From First Things:
By withdrawing from the larger culture, homeschoolers aid and abet the culture’s failings—or so, at least, the charge goes. Christians have a responsibility to be not “of the world,” but, we are told, they also have a responsibility to be “in the world.” And therefore it’s our duty to send our children to public school. After all, Jesus calls us to be the salt of the earth and the light of the world, and how can we possibly be those things if we stay at home all day?
According to this logic, we are called not only to witness, via our children, to a diverse population of people but also somehow to salvage public education itself, as if this would right everything that’s out of whack in our society. To decline to do so is, in this view, both personally selfish and culturally destructive.
Though at this stage in my life I have a hard time understanding why I should feel a greater sense of responsibility to a government institution than I do to my children, I must confess that it has not always been so. Our oldest daughter spent four years in an English working-class neighborhood school, where she was conspicuous not only for being American but also for having parents who were actually married to each other and actually both the parents of all children in our home. Aside from the Bangladeshi Muslims who comprised roughly a third of the school population, ours was the only family with any discernable religious orientation whatsoever.
As such, we did feel responsible for the well-being of that school. The education on offer wasn’t brilliant—“random topics” seemed to be the general theme of the National Curriculum as taught at this particular school—but, as we told ourselves, it was OK. We could supplement at home. And meanwhile our daughter was receiving a valuable cultural education, right?
This is what we told ourselves even in the face of, for instance, the sex-education program we encountered in Year Four, the English equivalent of third grade. We were the only parents who asked to preview the materials; when we discovered, among other things, that they included an animated video sequence of teddy bears having fairly graphic sex, we exercised our right to opt out, and took the children to the British Museum that day instead, for cultural education on a different level, for once.
Random topics we could deal with. Animated teddy bears boinking we could avoid, at least in the short run. I suppose we could have gone on indefinitely telling ourselves that all this was OK—not great, but OK—if our daughter had been happy and thriving. But she wasn’t. Over time, most of her close friends moved to other primary schools with better test scores. The remaining school population was, as the English say, rougher. The overall atmosphere becamerougher.
Well, we said, this is not good, but we can’t just abandon the school.
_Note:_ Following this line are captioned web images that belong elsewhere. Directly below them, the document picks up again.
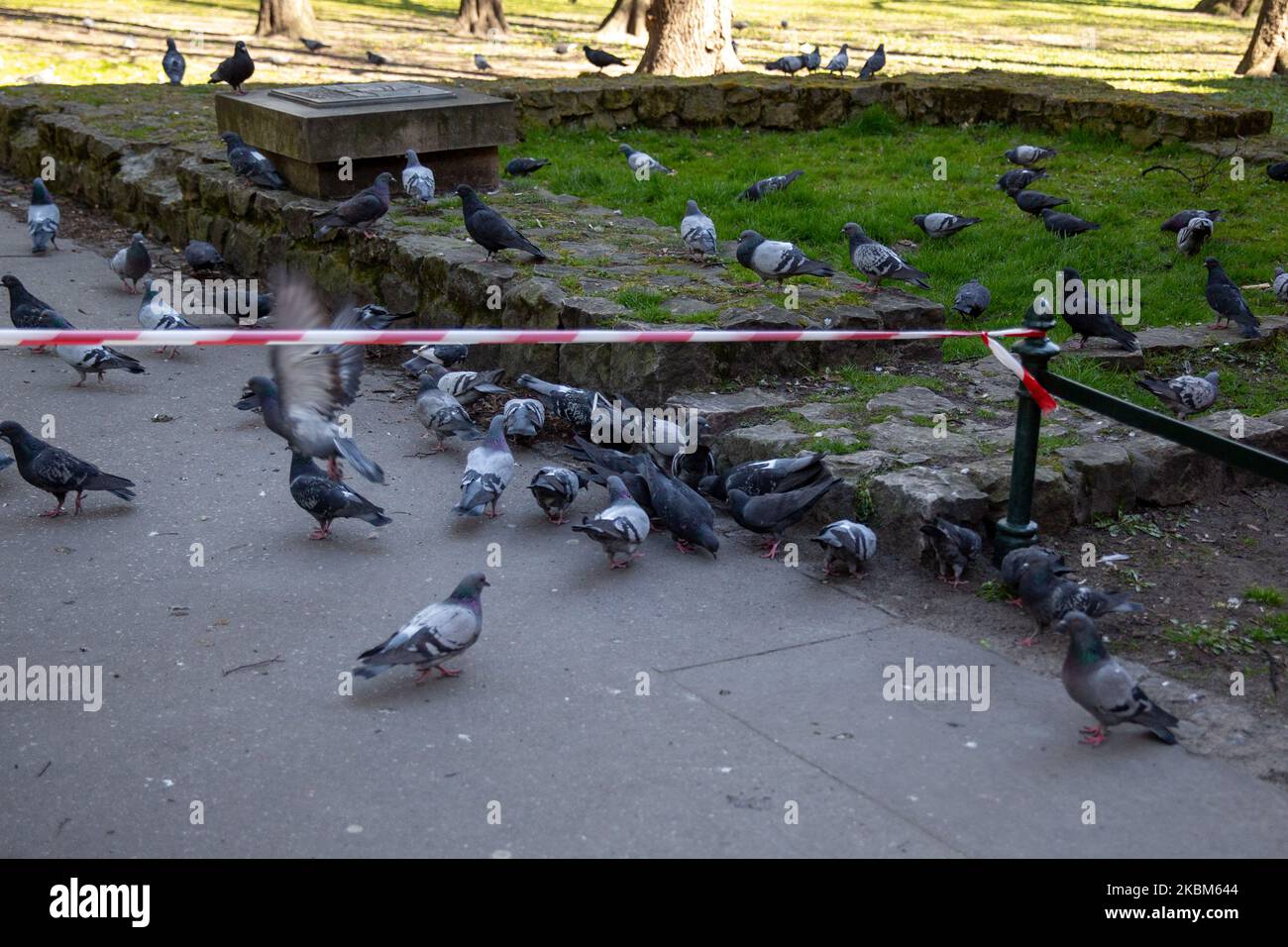 Pigeons take over public space as Planty, a famous park in a centre of Krakow is closed for public as Coronavirus pandemic grows in Poland, April 8, 2020. There are about 5200 Covid-19 cases and over 150 deaths in Poland as of April 8. To combat the spread of Covid-19 pandemic Polish government encourages public to stay home at all times, toughens regulation regarding social life. (Photo by Dominika Zarzycka/NurPhoto) Stock Photo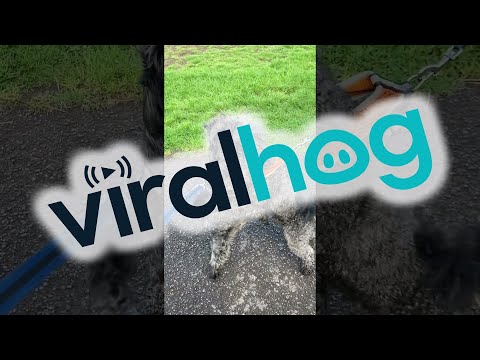 Happy Dogs Hug Each Other || ViralHog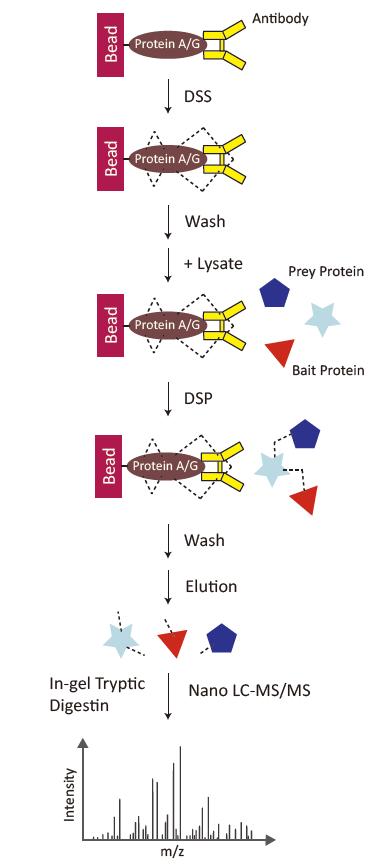 Applications of Co-IP in Protein Interaction Studies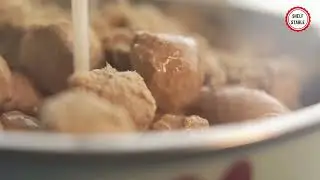 Learn More About Boss Dog Freeze Dried Raw Diet- Chicken, Beef, Fish & Lamb Protein Offerings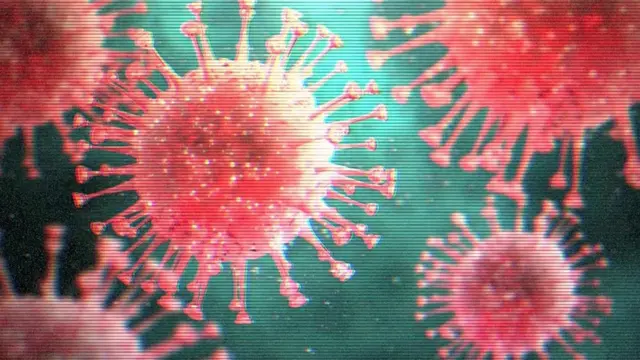 Viral cells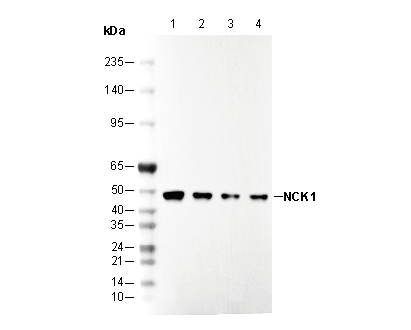 NCK1 Antibody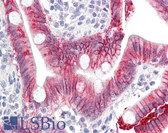 Anti-IL17A Antibody (aa1-75, clone 4K5F6) IHC-plus LS-B8323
Meanwhile our daughter, always reserved, became almost paralytically shy. On the playground, as she told us later, she concentrated on not being called ugly names by the boys. In class, she cried a lot rather than raise her hand. At home, she cried herself to sleep. On one occasion, as I distinctly recall, she was upset because in Religious Ed—no separation of church and state there—another kid had announced to the class, “God’s stupid,” and the teacher hadn’t said anything to him, and she had felt that this was wrong.
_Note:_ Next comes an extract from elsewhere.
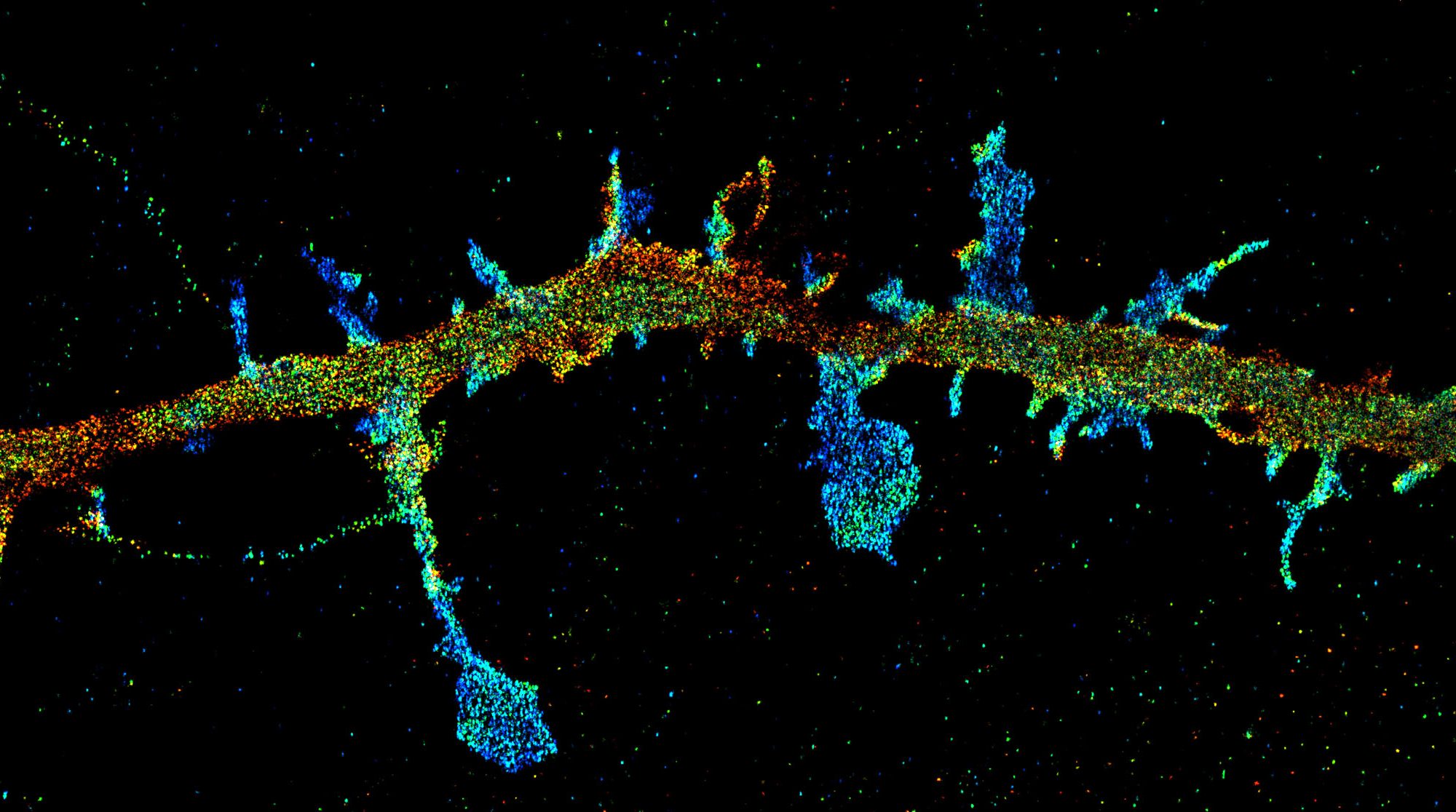 3D-STORM image of a dendrite labeled with a cytosolic protein (depth color-code)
The incident had happened months earlier, it emerged—we certainly had known nothing of it at the time—but it still ate away at her. As I comforted her, my first impulse was to say, “Well, that’s not anything to cry about.” But of course it was. An adult might have spoken to the kid in question. An adult might have spoken to the teacher. What could an eight-year-old child do? Cry, that’s what.
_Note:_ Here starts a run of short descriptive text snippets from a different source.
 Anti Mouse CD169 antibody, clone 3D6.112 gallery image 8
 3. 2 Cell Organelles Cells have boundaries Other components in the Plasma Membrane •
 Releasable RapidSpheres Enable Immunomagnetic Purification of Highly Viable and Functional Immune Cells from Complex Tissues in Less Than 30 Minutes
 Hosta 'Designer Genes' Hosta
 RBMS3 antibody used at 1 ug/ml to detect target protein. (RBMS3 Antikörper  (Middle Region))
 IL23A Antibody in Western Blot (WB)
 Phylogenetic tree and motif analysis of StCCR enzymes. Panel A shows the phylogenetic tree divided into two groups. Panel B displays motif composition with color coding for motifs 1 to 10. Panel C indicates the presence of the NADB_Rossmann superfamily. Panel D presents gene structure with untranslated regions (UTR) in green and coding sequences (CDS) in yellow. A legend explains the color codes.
Certainly Jesus tells us all to be salt and light. In the Christian tradition, however, we use phrases like “the age of reason” for a reason: recognition of the fundamental difference between an adult’s understanding and a child’s. The classical model of education uses the language of the Trivium—grammar, dialectic, and rhetoric—to describe stages of cognitive development in terms that provide, I think, a useful and accurate model for spiritual as well as intellectual formation.
A child in the grammar stage, a third-grader, say, is developmentally geared toward the acquisition of basic facts, memorizing Bible verses or the Corporal Works of Mercy. Even a bright third-grader lacks the powers of higher reasoning necessary to discern the truth amid conflicting messages.
Middle-schoolers, in the dialectical stage, are ready to learn to argue—learn to argue. As anyone with a middle-schooler knows, this dovetails nicely with certain natural inclinations of the age, but the average eighth-grader is hardly prepared to play C.S. Lewis in social studies class.
Even high-schoolers are still in the process of acquiring the rhetorical sophistication they will need in college to defend their faith to others and to themselves. Consider how many college freshmen allow themselves to be talked out of Christianity during the fall semester, in the course of Intro to World Religions. If college freshmen can’t cope, it seems unrealistic to expect third-graders to bear the burden of evangelizing their schools. What seems far more likely is that, to one degree or another, the schools will end up evangelizing these children.